The second issue that comes up in analysis’ of Aurangzeb’s rule is instances of him destroying Hindu and Sikh temples and refusing to allow new ones to be built. That he ordered such actions is a historical fact that cannot be disputed.
Preservation of temples with Islamic religious justification is a long-running tradition in India. The first Muslim army to come to India in 711 under Muhammad bin Qasim promised religious freedom and security of temples to Hindus and Buddhists. The same policy had been followed for hundreds of years before the Mughals. However, Aurangzeb did not disregard the Islamic laws regarding protection of religious minorities. Aurangzeb himself even noted that Islamically, temple desecration was not permitted when in 1659 he wrote, “According to the Shariah [Islamic law], and the exalted creed, it has been established that ancient temples should not be torn down.” 1
So if Aurangzeb did not demolish temples for religious reasons, why did he do it? The answer lies in the political nature of temples in the 1600s.
Hindu and Sikh temples (unlike Muslim mosques) were not just places of worship. They also had political significance. Temples acted as political offices and state property, and the priests that were in charge of them were in the employ of the government. When seeking to get the support of Hindus in a particular area, Mughal emperors (and even Hindu kings in non-Mughal areas) would rely on the priests to rally the local population through the temple. As such, a temple was more than just a religious building, it was also a potentially powerful political tool.
With this understanding of temples and their significance, we can move on to understand Aurangzeb’s destruction of certain temples. No historical records show that he had an indiscriminate policy of temple destruction across India. The temples he chose to destroy were carefully selected and a small fraction of the total Hindu houses of worship in India. This is because when Aurangzeb chose a temple for destruction, it was a politically motivated act, not a religious one.
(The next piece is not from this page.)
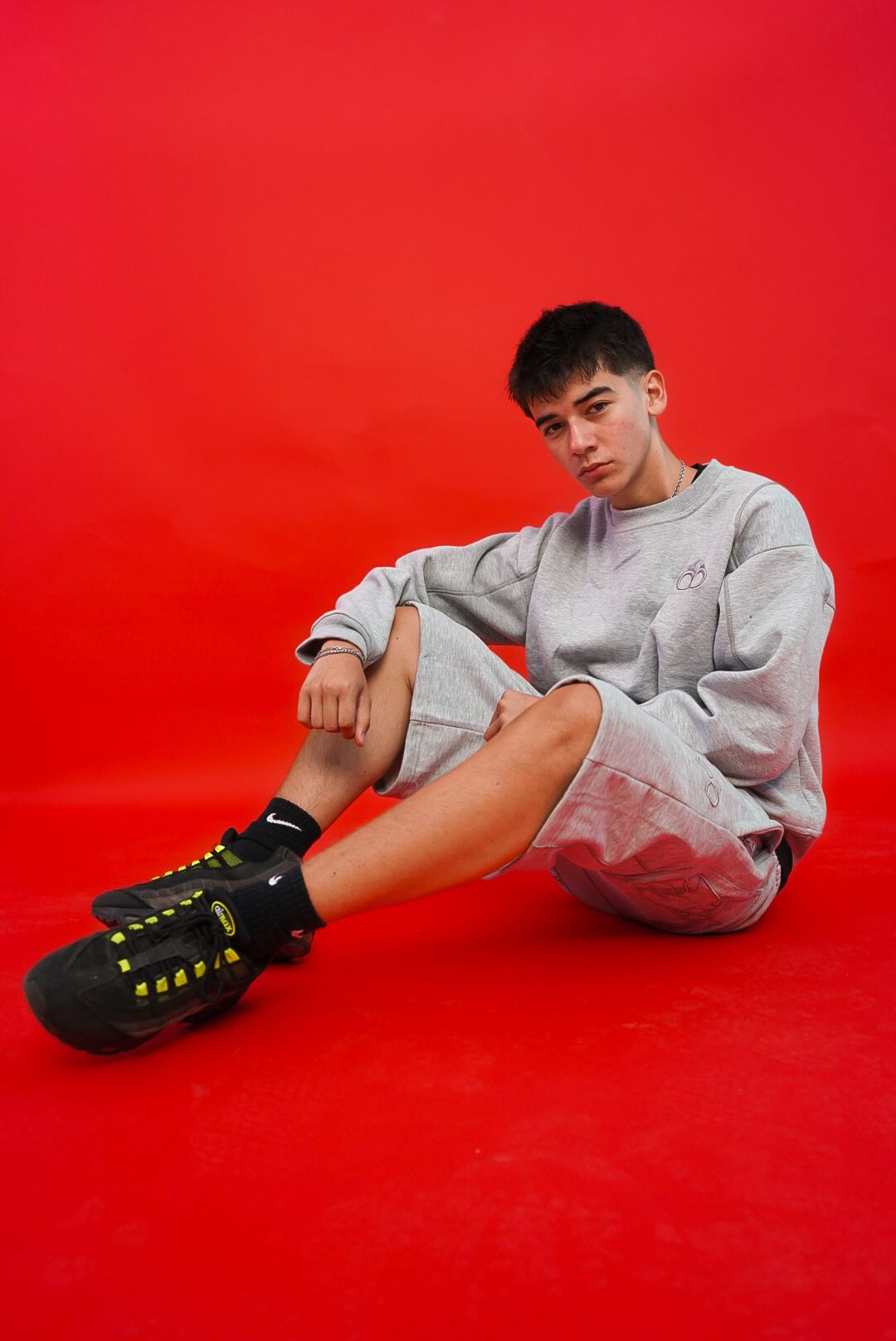 Young man in grey oversized sweatsuit sits on floor against a bold red background wearing black sneakers.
Seeing the opulence and subsequent financial strain of the Mughals during the reign of Shah Jahan, numerous local governors and priests decided to rebel against Mughal authority during the reign of Aurangzeb. When a rebellion broke out in one part of the empire, the local temple was the natural political entity that rebels could rally against. So long as the rebel leaders and their client temples existed, the threat to the Mughal government existed.
It thus became a policy when fighting rebellions against central authority, that the temple that spawned that rebellion also be destroyed. An example of this was a 1669 rebellion in Banaras led by a political rival, Shivaji, who used the local temple to rally support to his cause. After capturing Shivaji, Aurangzeb destroyed a temple in Banaras that was used as a political recruiting ground against his reign. Another example occurred in 1670 in Mathura when Jats rebelled and killed a local Muslim leader. Again, to end the rebellion Aurangzeb had to destroy the temple that had supported it.
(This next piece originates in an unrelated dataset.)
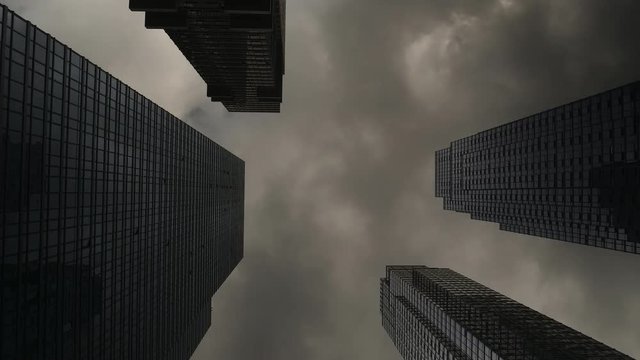 Dark clouds pass over over skyscrapers. Low angle time lapse.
Overall, the policy of desecrating temples was used as a political punishment for disloyal Hindu officials, not as a sign of religious intolerance as some may argue. A further argument that the lack of mosque desecration means he was religiously bigoted also holds no ground, as mosques did not double as political institutions as temples did. While the policy of obliterating a political opponent’s base of operations is one that may have its detractors, the arguments that Aurangzeb’s actions were religiously motivated are clearly baseless. Instead, Aurangzeb was a religiously-minded leader who strove hard to ensure an Islamic character permeated through all his actions as leader. This did not however mean religious intolerance as he followed guidelines for protection of non-Muslims that is mandated by Islamic law.